Por 10 tokens WLD — valor em criptomoeda que vale, no momento em que este artigo é redigido, com a taxa de câmbio atual, aproximadamente 70 euros — a empresa pede algo em troca que envolve pouco ou nenhum esforço: a leitura da sua íris.

Fontes que passaram recentemente pelo processo contam ao ZAP que receberam muito mais do que 10 tokens.

“Não foi preciso registar-me em nada, não tive de dar dados pessoais, só tive de pôr o número de telefone na aplicação”, diz um cliente da Worldcoin ao ZAP, que vendeu a sua íris à empresa quando a moeda valia menos — cerca de dois euros por token.

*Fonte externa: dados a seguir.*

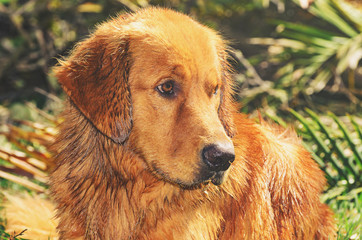 Obraz premium Wet Golden Retriever dog with sad and apprehensive look, looking to the right, on nature.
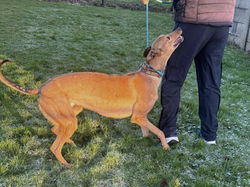 sammie_grey_adozione_115 (Mittel)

Depois de receber, na hora, os 10 tokens, foi-lhe prometido um vale com mais três moedas virtuais, e de 10 em 10 dias recebe três moedas até atingir um total de 77 tokens WLD. Na conversão atual, são mais de 550 euros.

A leitura é feita na hora e no local. Os funcionários explicam que a digitalização da parte mais visível dos olhos é feita através de uma tecnologia chamada Orb, que converte a imagem num código numérico cifrado conhecido como “WorldID”, uma espécie de “passaporte digital”, como descreve a própria empresa.

Esse código é depois comparado com outros códigos de íris de modo a verificar a sua individualidade — o que, segundo a empresa, é o grande objetivo de todo o processo: garantir que cada utilizador é único, não tem contas duplicadas e trata-se, de facto, de um humano.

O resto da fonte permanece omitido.